Top of The input

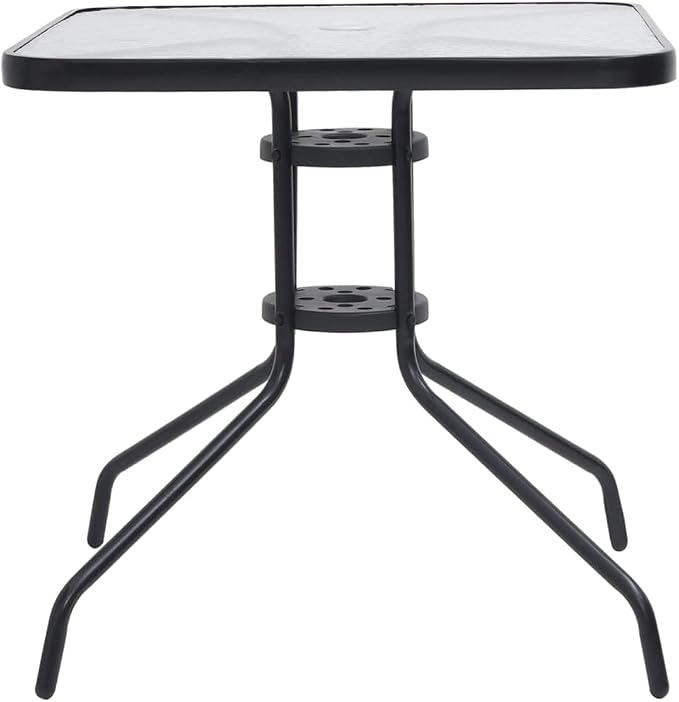 3-Piece Patio Dining Set with Glass Table and 2 Rattan Chairs | Features a square tempered glass table and stackable chairs, ideal for balconies and small outdoor spaces.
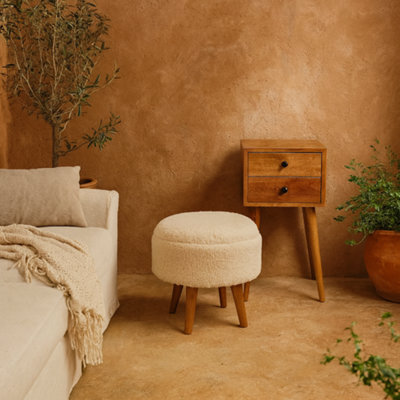 Wyld Haus Kampong Cream Boucle Rounded Footstool 45Cm - image 1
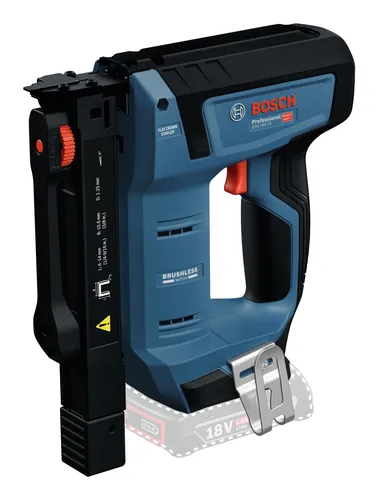 Bosch Professional GTH 18V-14 Akku-Nagler - Tacker für Holzklammern 6-14 mm, mit bürstenlosem Motor für schnellen Arbeitsfortschritt und Rückstoßminimierung – ideal für präzise und gleichmäßige Ergebnisse.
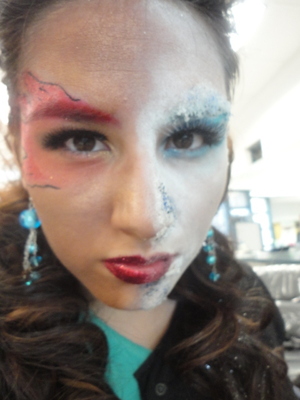 Artistic Makeup done by my friend Bernice for a School project 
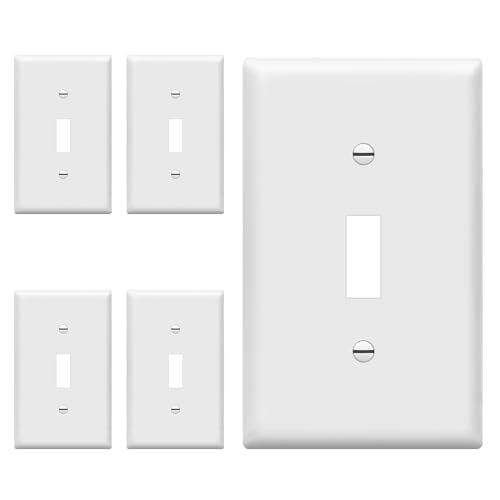 ENERLITES 5 Pack Light Switch Cover Plate for Toggle Wall Switch, White - color: White, size: 5 Pack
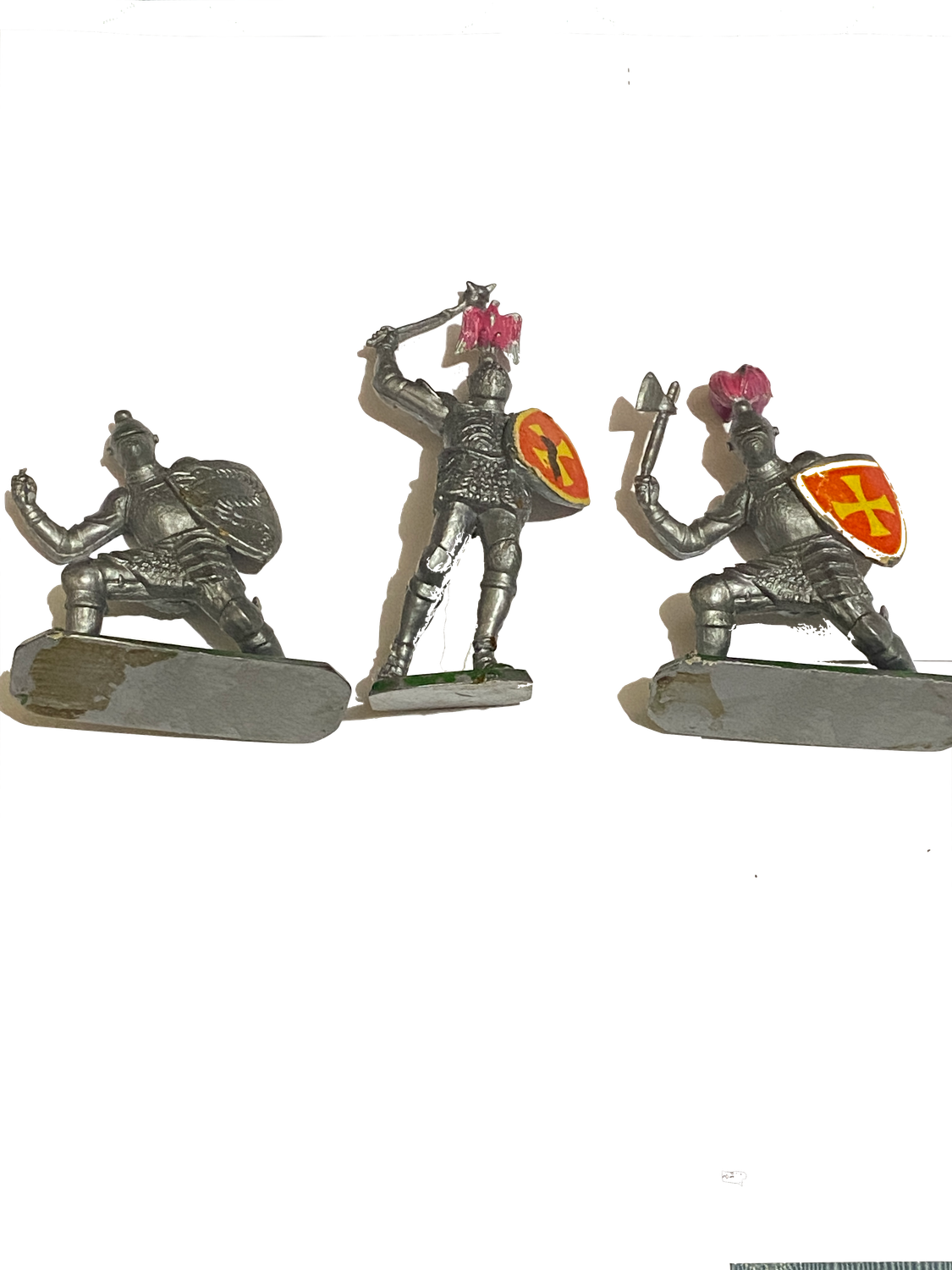 Soldatini Vintage Cavalieri Mediovali  colore argento mini lotto di 3 pezzi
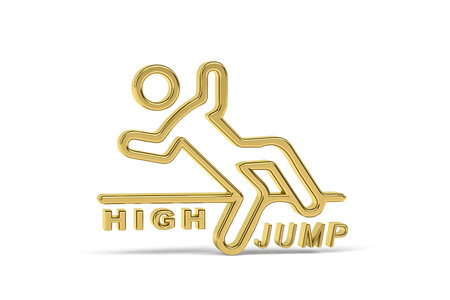 Golden 3d high jump icon isolated on white background - 3D render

Bottom of The input

## Exercise
Here the job is to print all the data exactly, skipping any image.

## Task result
 3-Piece Patio Dining Set with Glass Table and 2 Rattan Chairs | Features a square tempered glass table and stackable chairs, ideal for balconies and small outdoor spaces.
 Wyld Haus Kampong Cream Boucle Rounded Footstool 45Cm - image 1
 Bosch Professional GTH 18V-14 Akku-Nagler - Tacker für Holzklammern 6-14 mm, mit bürstenlosem Motor für schnellen Arbeitsfortschritt und Rückstoßminimierung – ideal für präzise und gleichmäßige Ergebnisse.
 Artistic Makeup done by my friend Bernice for a School project 
 ENERLITES 5 Pack Light Switch Cover Plate for Toggle Wall Switch, White - color: White, size: 5 Pack
 Soldatini Vintage Cavalieri Mediovali  colore argento mini lotto di 3 pezzi
 Golden 3d high jump icon isolated on white background - 3D render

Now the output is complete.